Supplied records —
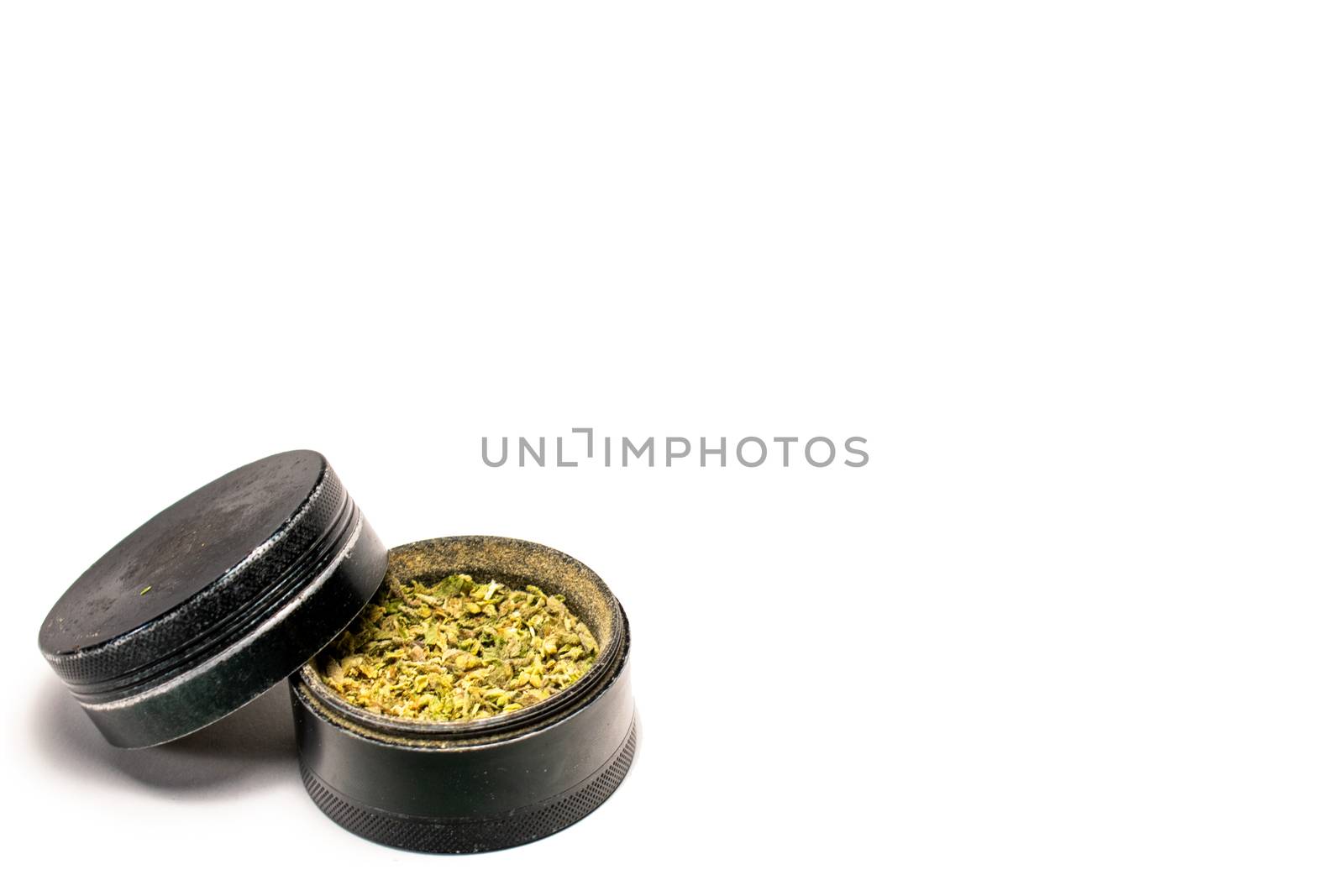 A Black Grinder Full of Green and Orange Cannabis With the Lid Leaning on the Side on a Pure White Background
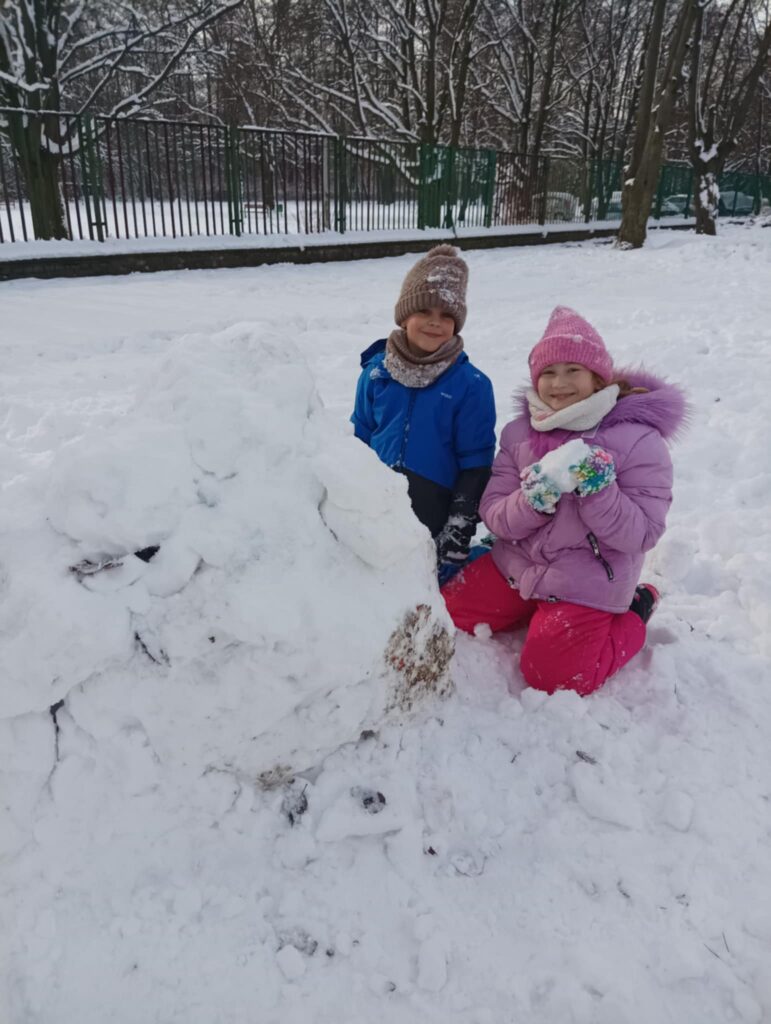 dwoje dzieci robi kulę śnieżną
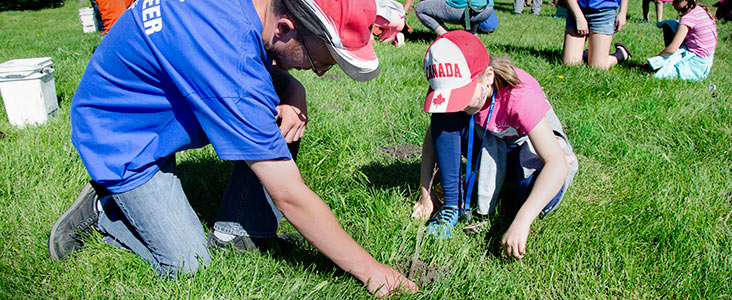 Photo from Spruce Up with people helping to plant trees along the river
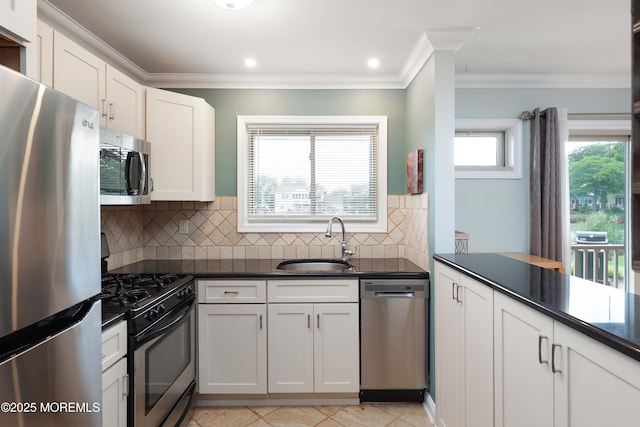 1641 Elm Ave Unit 10, Point Pleasant, NJ 08742 - kitchen featuring appliances with stainless steel finishes, dark countertops, backsplash, crown molding, and white cabinets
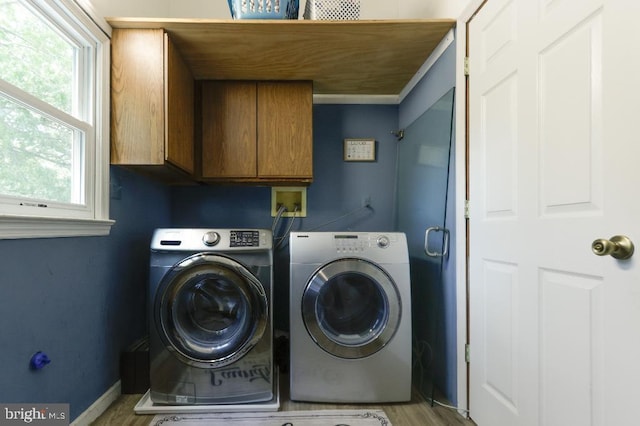 99 Old Main Shore Rd, Barnegat, NJ 08005 - laundry area featuring cabinet space, independent washer and dryer, and wood finished floors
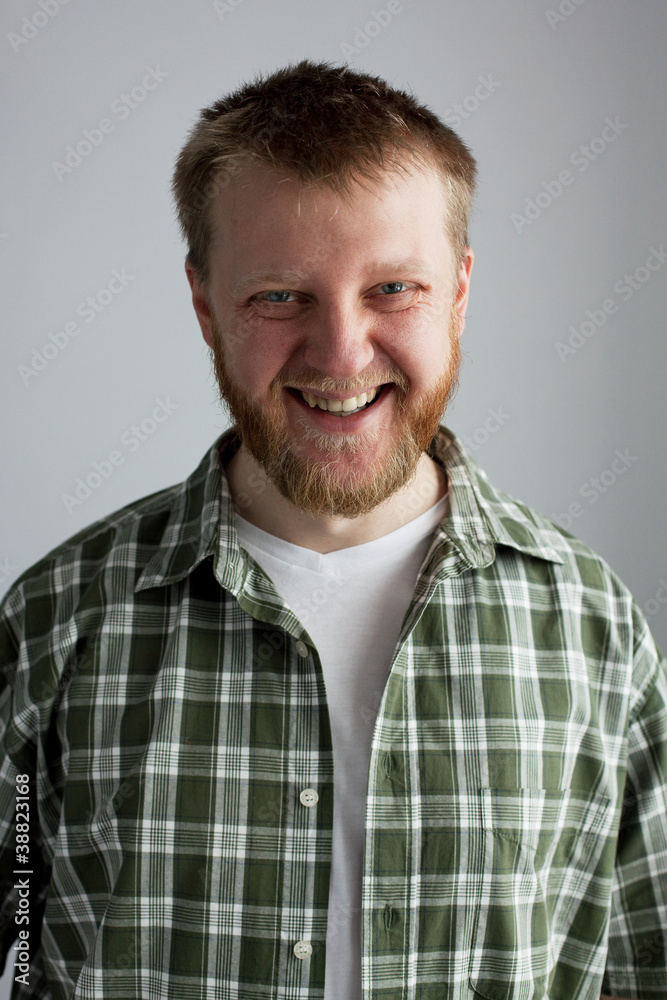Fototapeta premium Young man in a plaid shirt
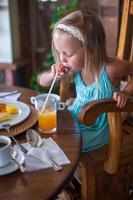 förtjusande liten flicka har frukost och dricka frukt cocktail foto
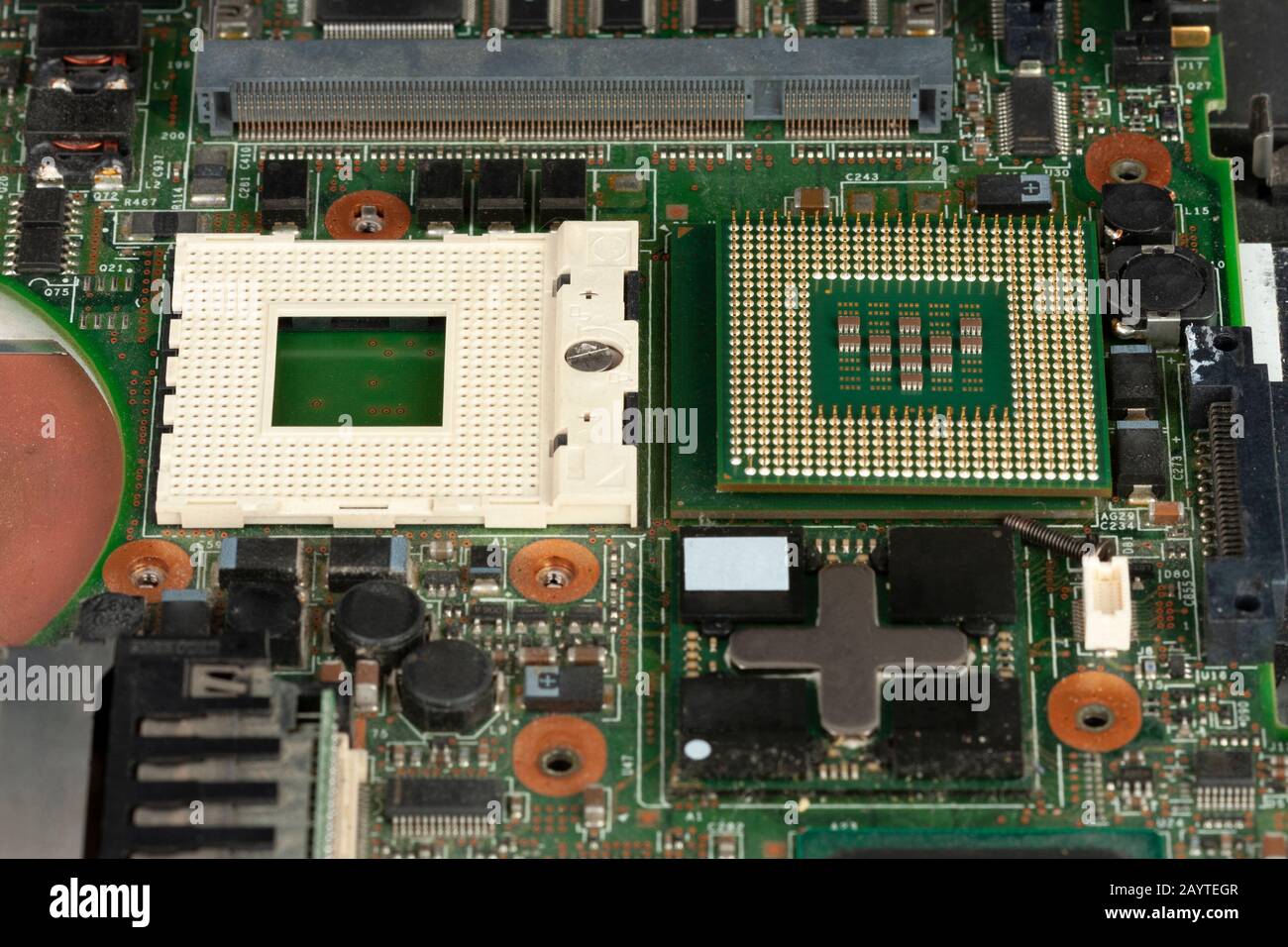 Close up of  laptop processor  with empty socket base for CPU on main board of notebook. Stock Photo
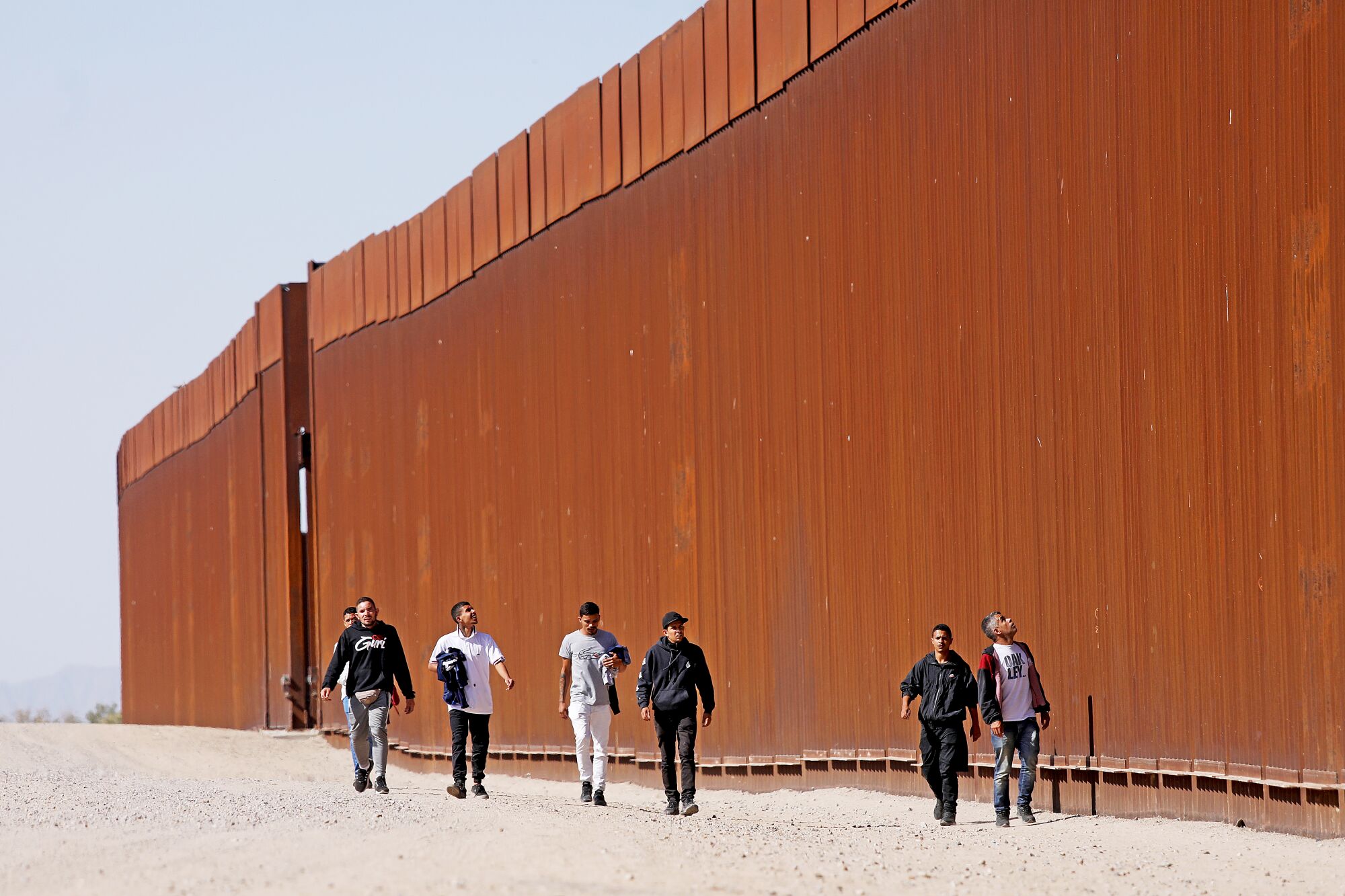 Immigrants walk along the border wall to turn themselves over to U.S Border Patrol agents in San Luis Rio Colorado, Mexico.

Task brief —
From the material above, give again exactly the lines from the one that contains "Photo from Spruce" through the one that contains "förtjusande liten flicka", and leave out the pictures.

Answer box —
 Photo from Spruce Up with people helping to plant trees along the river
 1641 Elm Ave Unit 10, Point Pleasant, NJ 08742 - kitchen featuring appliances with stainless steel finishes, dark countertops, backsplash, crown molding, and white cabinets
 99 Old Main Shore Rd, Barnegat, NJ 08005 - laundry area featuring cabinet space, independent washer and dryer, and wood finished floors
Fototapeta premium Young man in a plaid shirt
 förtjusande liten flicka har frukost och dricka frukt cocktail foto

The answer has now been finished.